В мире неопределенности только будущее эту неопределенность и утрачивает. Из объекта инвестиций, отдачи от которых не гарантирует ни одна самая спаянная общность и ни одна самая высокопоставленная инстанция, оно трансформируется в инвестиционное средство. Мы не инвестируем в будущее, мы инвестируем само будущее. Это имеет и свои существенные издержки, поскольку именно будущее благодаря реципроктной справедливости оказывается той разменной монетой, которой мы вынуждены расплачиваться по всем нашим счетам.
Глава вторая
САКРАЛЬНАЯ СПРАВЕДЛИВОСТЬ
Таинство справедливости
Божественная мера
Нравственный поиск тесно сопряжен с практикой мироустроения. С этой точки зрения этика представляет собой род сакрального инжениринга. Говоря иначе, она выступает особой политикой, связанной с поддержанием системы наиболее фундаментальных принципов существования.
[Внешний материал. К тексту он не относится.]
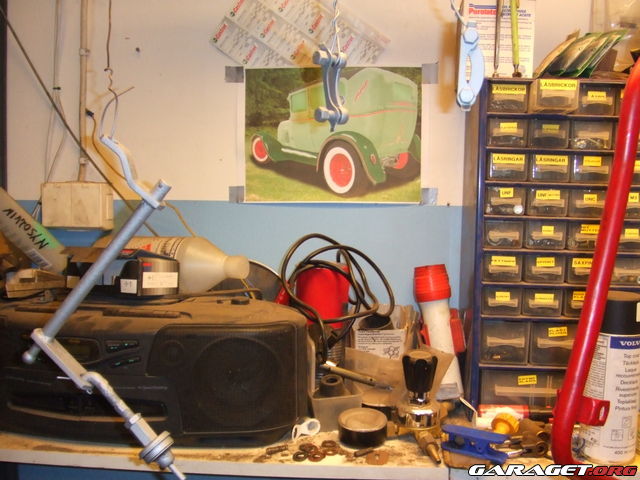 https://www1.garaget.org/gallery/archive/44948/971814_qxwocy.jpg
При этом любая поведенческая идеология только тогда вправе называться этикой, когда она сохраняет за собой привилегию обращать переменные в константы, а условности быта – в условия бытия. Подобное прочтение этического знания делает необходимым вопрос о соотношении его с областью религиозного опыта. Это, в свою очередь, предполагает рассмотрение этики в контексте вопроса о границах сакрального и сакральных границах. Данный вопрос вплотную подводит нас к теме сакрализации власти.
Сакральная власть учреждалась в сотрудничестве богов и людей. Сакральная власть – сеть, которая их объединяет. Сакрализация власти воплощала возможность инверсии людей и богов: люди ведут себя как боги, боги ведут себя как люди. Основная миссия и тех и других была связана с установлением порядка. Высшей «демиургической» добродетелью служило при этом знание меры, умение ее воплощать и при случае сохранять. Мера и есть метафора сети, ее символическая, мифологическая составляющая. Она представляла собой особую форму мистической сопричастности, которая делает людей и богов одним целым.
Понятие меры позволяло придавать провиденциальный смысл человеческим представлениям о справедливости. Одновременно оно открывало возможность описывать поступки богов в логике человеческого произвола, который становился таким образом вдохновенным источником справедливости, ее тщательно скрываемой тайной.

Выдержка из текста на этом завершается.